Our studies show that the new small molecules PAK inhibitors, PI-8 and PI-15, inhibit PAK phosphorylation in both cell lines. While PI-8 decreases the phosphorylation of PAK at only threonine-423, PI-15 decreases the phosphorylation at both serine-144 and threonine-423 in both cell lines. Deactivation of AKT is accomplished by PI-15 by decreasing the phosphorylation of serine-473 in both cell lines. However, threonine-308 is decreased slightly only in BenMen1. This variance may be important in the difference of type of cell death between BenMen1 and HEI193 cells, PI-15 induces apoptosis only in BenMen1 cells while in HEI193 cells induces mitotic catastrophe. PI-8 induces autophagy in BenMen1 cells and does not inhibit the phosphorylation of AKT at serine-473 in both cell lines but it inhibits threonine-308 phosphorylation only in BenMen1 cells, which indicates a correlation with the high levels of expression of the autophagy markers.
Hebert et al. reported that merlin plays role in positioning the centrosome during interphase (34) suggesting that abnormal merlin function may induce defective mitotic cells by inducing mitotic features (such the ones we report here) that allow the proliferation of these cells. Our data show that PI-8 and PI-15 induce mitotic catastrophe in HEI193 suggesting that these PAK inhibitors facilitate the functioning of molecules involved in the mitotic catastrophe signaling, such as the translocation of ATG5 into the nucleus (38). Cell death by mitotic catastrophe induced by these new PAK inhibitors is a new finding/idea in the field of vestibular schwannomas and meningiomas. However, the genetic make up of these benign tumors due to mutations in the NF2 gene, and NF2 and CHEK2 mutations (in the case of meningiomas (48)), leading to centrosome amplification, indicate that this mechanism of cell death is consistent with the role that merlin plays on the positioning of the centrosome during interphase. The location of the mutations in the NF2 sequence can also dictate the effect PI-8 and PI-15 in the difference of the doses and effect on cell viability, as well as the type of induced cell death between primary cells and cell lines.

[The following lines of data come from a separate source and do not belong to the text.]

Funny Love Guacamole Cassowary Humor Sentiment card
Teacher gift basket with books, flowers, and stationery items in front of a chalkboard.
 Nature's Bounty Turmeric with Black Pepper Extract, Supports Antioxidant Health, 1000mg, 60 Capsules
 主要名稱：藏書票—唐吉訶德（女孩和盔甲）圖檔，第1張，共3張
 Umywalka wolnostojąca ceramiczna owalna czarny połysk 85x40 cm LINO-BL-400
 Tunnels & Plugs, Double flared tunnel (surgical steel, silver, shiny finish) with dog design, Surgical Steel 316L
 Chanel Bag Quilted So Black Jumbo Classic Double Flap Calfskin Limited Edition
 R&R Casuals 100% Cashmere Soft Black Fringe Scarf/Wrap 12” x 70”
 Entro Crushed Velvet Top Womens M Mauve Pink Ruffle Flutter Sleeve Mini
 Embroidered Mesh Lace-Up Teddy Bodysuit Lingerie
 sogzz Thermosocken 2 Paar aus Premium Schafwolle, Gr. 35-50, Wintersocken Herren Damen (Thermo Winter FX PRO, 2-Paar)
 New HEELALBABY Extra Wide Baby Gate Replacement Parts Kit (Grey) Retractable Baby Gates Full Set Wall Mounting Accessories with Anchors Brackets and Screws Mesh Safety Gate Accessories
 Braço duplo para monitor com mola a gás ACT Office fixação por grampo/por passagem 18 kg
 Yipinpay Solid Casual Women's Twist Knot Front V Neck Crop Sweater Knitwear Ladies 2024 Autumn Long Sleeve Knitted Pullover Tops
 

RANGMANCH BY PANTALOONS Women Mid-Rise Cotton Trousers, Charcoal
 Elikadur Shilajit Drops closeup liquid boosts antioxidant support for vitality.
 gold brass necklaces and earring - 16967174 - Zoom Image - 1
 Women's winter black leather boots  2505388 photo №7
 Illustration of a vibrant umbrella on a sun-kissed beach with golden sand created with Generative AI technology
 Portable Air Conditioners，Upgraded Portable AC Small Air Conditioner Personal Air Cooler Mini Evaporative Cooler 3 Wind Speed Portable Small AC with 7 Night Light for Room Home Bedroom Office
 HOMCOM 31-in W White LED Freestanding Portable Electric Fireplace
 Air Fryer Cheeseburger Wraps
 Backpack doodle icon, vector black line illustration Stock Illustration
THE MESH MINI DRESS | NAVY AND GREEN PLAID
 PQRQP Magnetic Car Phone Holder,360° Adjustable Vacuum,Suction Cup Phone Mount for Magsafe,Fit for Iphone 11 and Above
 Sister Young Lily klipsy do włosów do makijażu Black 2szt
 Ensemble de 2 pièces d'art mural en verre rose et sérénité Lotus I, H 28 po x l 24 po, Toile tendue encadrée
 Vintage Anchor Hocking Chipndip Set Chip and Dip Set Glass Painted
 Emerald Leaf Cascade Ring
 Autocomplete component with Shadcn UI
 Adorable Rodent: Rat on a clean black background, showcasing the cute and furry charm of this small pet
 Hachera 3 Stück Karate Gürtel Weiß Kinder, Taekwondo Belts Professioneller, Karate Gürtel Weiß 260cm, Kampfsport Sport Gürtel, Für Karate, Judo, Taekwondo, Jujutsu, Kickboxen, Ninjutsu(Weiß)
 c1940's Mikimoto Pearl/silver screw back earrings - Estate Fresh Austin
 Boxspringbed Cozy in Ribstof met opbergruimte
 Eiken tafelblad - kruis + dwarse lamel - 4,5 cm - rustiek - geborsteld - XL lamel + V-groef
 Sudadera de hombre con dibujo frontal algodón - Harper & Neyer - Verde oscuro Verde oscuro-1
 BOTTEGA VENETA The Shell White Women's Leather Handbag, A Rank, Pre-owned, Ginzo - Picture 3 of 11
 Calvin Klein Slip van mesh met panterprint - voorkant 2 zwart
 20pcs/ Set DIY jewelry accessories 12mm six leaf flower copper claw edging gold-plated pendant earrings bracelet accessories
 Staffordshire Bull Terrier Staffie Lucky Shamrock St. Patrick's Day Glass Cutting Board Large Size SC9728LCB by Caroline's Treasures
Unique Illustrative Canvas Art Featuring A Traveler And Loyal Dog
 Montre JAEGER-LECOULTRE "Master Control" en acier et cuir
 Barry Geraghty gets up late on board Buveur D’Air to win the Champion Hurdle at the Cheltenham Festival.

Though to develop these studies we had limitations concerning the availability of more cell lines and primary cells, our data show promising PAK inhibitors that represent putative drugs to develop for the treatment of vestibular schwannoma and meningiomas. Future studies in our lab will focus on evaluating these drugs using cell line xenografts into chicken CAM (Chorioallantoic membrane) Assays.
This work was supported by the National Institute of Deafness and Other Communication Disorders/National Institute of Health (K08 DC009644).